## Supplied entries
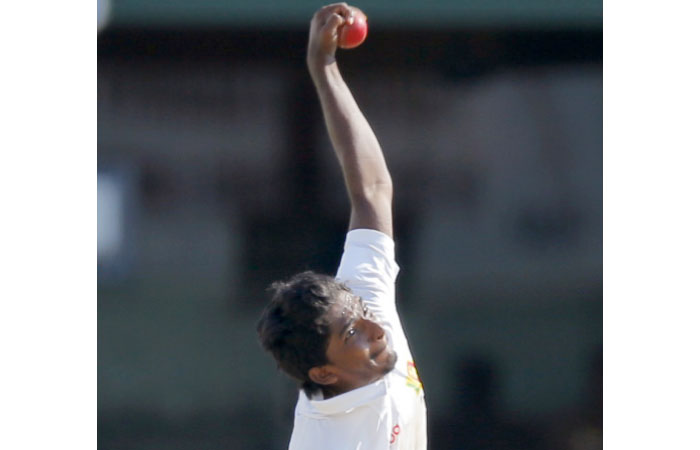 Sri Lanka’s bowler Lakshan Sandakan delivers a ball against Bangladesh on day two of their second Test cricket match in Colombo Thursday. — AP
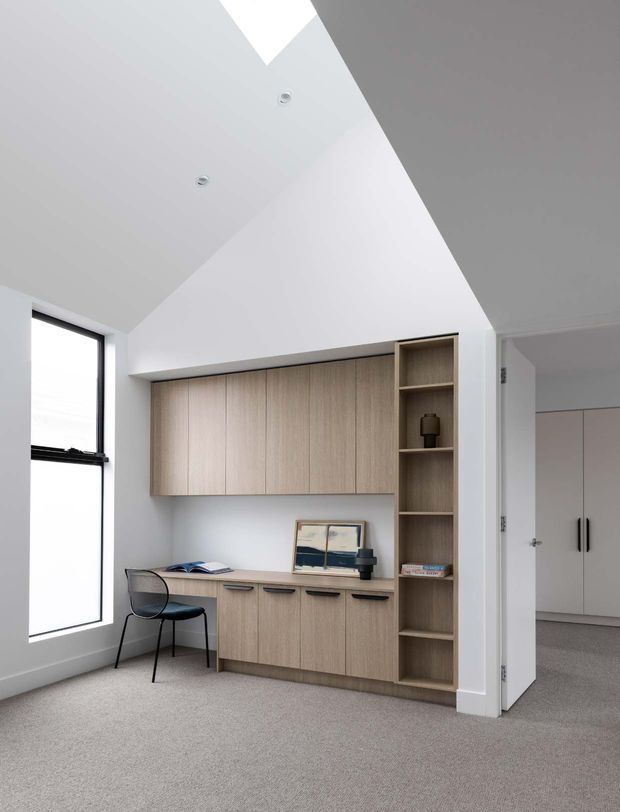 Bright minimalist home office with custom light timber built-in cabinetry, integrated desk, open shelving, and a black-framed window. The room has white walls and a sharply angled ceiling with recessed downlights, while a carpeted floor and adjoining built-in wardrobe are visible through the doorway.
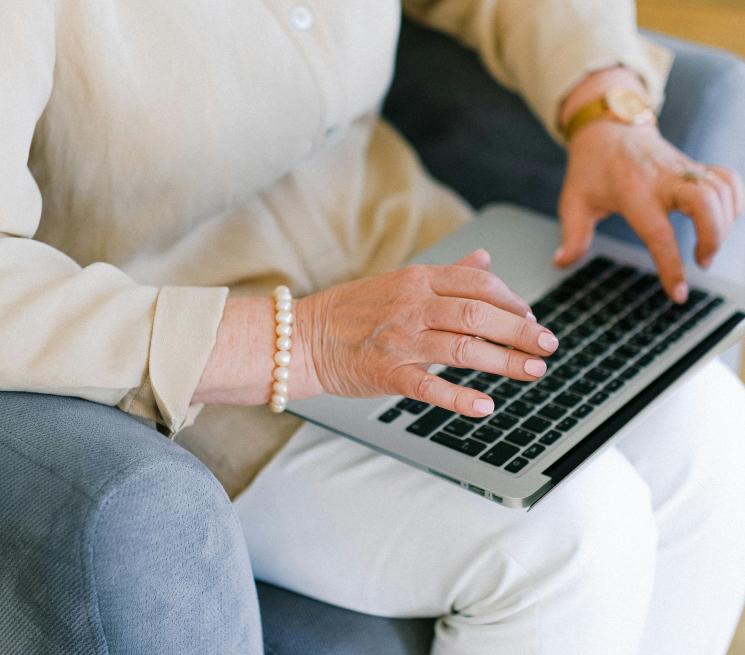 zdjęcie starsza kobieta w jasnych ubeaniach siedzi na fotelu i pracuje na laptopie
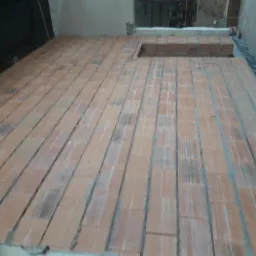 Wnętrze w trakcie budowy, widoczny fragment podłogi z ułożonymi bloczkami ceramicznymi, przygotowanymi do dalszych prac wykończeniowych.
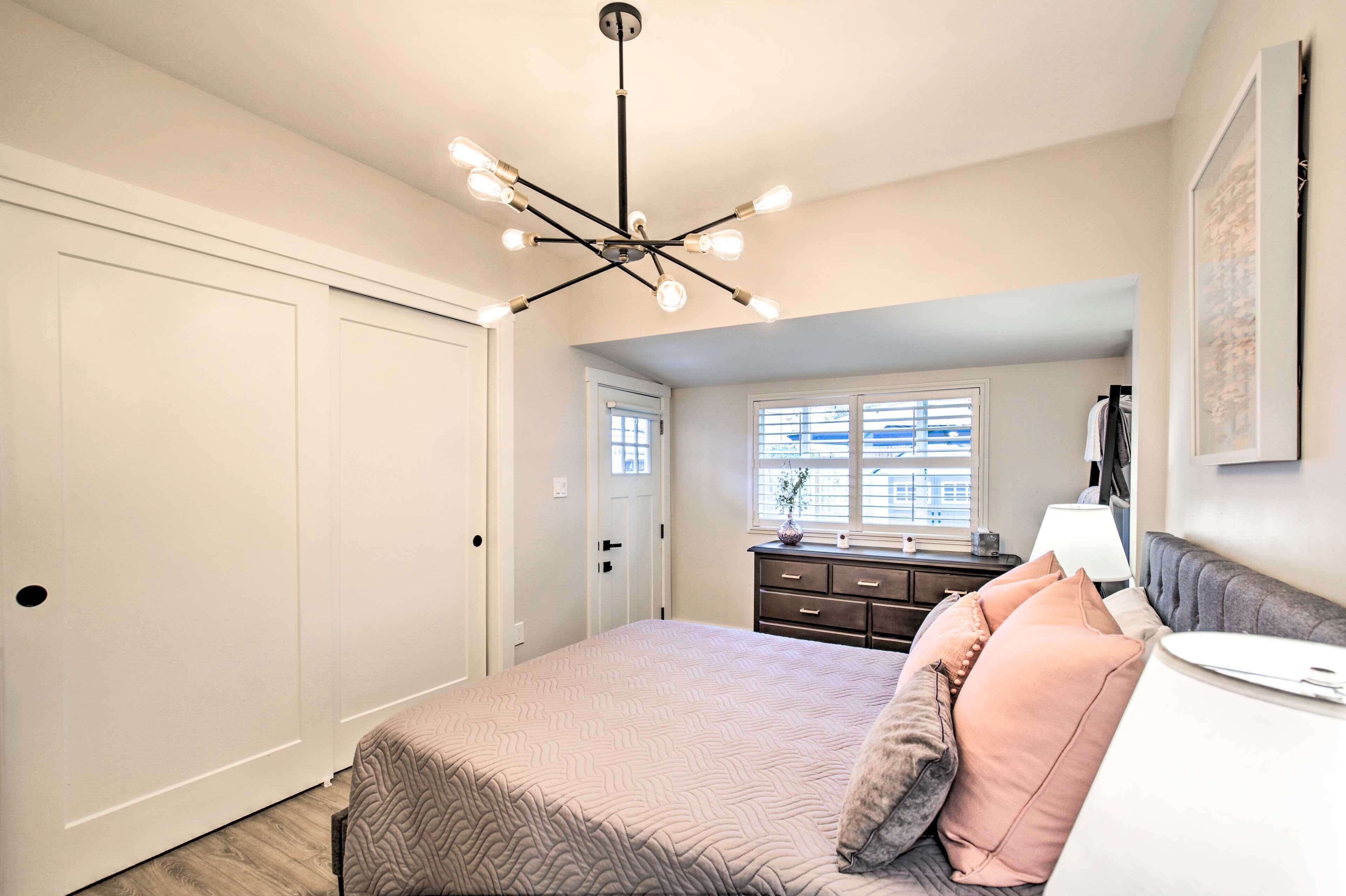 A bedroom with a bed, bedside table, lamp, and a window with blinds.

## How to complete this task
Please set down the lines above word for word and leave out the pictures.

## Answer space
 Sri Lanka’s bowler Lakshan Sandakan delivers a ball against Bangladesh on day two of their second Test cricket match in Colombo Thursday. — AP
 Bright minimalist home office with custom light timber built-in cabinetry, integrated desk, open shelving, and a black-framed window. The room has white walls and a sharply angled ceiling with recessed downlights, while a carpeted floor and adjoining built-in wardrobe are visible through the doorway.
 zdjęcie starsza kobieta w jasnych ubeaniach siedzi na fotelu i pracuje na laptopie
 Wnętrze w trakcie budowy, widoczny fragment podłogi z ułożonymi bloczkami ceramicznymi, przygotowanymi do dalszych prac wykończeniowych.
 A bedroom with a bed, bedside table, lamp, and a window with blinds.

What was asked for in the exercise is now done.